Minister of Tourism and the Environment
- In office 2008–2011
- President: Rupiah Banda
- Preceded by: Michael Kaingu
- Succeeded by: Sylvia Masebo

Member of the National Assembly for Mafinga
- In office 2001–2016
- Preceded by: Robert Sichinga
- Succeeded by: Jacob Siwale

First Deputy Speaker
- In office September 2016 – May 2021
- President: Edgar Lungu

Personal details
- Born: Catherine Namugala 2 January 1966 (age 60) Isoka District, Zambia
- Party: Movement for Multi-Party Democracy (2001 - 2016)

= Catherine Namugala =

Zambian politician

Catherine Namugala is a Zambian politician. She was the First Deputy Speaker of the Zambian Parliament until 2021. She was nominated to that position by President Edgar Lungu, on 18 September 2016. She is the former Minister of Tourism, Environment and Natural Resources in the Zambian Cabinet. She also served as a Member of Parliament (MP), representing Mafinga (previously known as Isoka East) in the Zambian Parliament from 2001 until 2016. She was a member of the Movement for Multiparty Democracy (MMD) party.

==Political career==
Catherine Namugala stood as the Movement for Multi-Party Democracy (MMD) candidate for member of parliament in Isoka East constituency at the 2001 general election and she was elected. She served as Deputy Minister of Foreign Affairs from 2002 until 2003. From 2003 until 2005, she served as the Deputy Minister of Community Development and Social Services. At the 2006 general election, she stood again as the MMD candidate in Isoka East and was re-elected to parliament. She was then appointed Minister of Community Development and Social Services. Since then, she served as Deputy Minister in the Office of the Vice-President, prior to being appointed Minister of Tourism and the Environment in November 2008. In February 2010, Catherine Namugala was awarded the African Tourism Minister Of The Year Award, beating six contestants from Ghana, Namibia, Sierra Leone, Tanzania, Uganda and Zimbabwe.

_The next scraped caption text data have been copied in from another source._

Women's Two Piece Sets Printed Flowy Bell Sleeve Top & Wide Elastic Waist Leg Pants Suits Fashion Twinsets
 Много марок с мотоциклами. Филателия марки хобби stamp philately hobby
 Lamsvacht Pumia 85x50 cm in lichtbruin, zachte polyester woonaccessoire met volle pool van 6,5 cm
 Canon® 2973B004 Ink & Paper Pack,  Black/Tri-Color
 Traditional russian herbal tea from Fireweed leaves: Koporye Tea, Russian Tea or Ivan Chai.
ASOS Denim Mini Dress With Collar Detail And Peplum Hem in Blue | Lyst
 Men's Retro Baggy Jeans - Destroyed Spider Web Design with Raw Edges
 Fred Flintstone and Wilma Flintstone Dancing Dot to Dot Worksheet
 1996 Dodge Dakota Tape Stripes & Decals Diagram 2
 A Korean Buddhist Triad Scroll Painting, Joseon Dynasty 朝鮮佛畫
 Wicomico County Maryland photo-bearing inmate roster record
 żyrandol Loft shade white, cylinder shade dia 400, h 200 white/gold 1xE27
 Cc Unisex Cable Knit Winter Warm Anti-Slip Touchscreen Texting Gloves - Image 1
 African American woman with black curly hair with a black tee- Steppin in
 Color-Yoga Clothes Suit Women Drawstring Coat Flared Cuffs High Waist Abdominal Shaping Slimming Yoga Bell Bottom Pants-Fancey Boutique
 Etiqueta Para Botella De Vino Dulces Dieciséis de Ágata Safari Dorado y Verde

In 2011, Isoka East constituency was renamed to Mafinga constituency and Namugala stood again as the MMD candidate in that constituency at the 2011 general election and she was re-elected. Ahead of the 2016 general election, after 15 years as the MP for Isoka East and Mafinga, Namugala chose not to re-contest her parliamentary seat. Instead, she endorsed president Edgar Lungu's re-election bid for the Patriotic Front. After Lungu was re-elected as President of Zambia, he nominated Namugala as the First Deputy Speaker in parliament for the 2016 to 2021 term.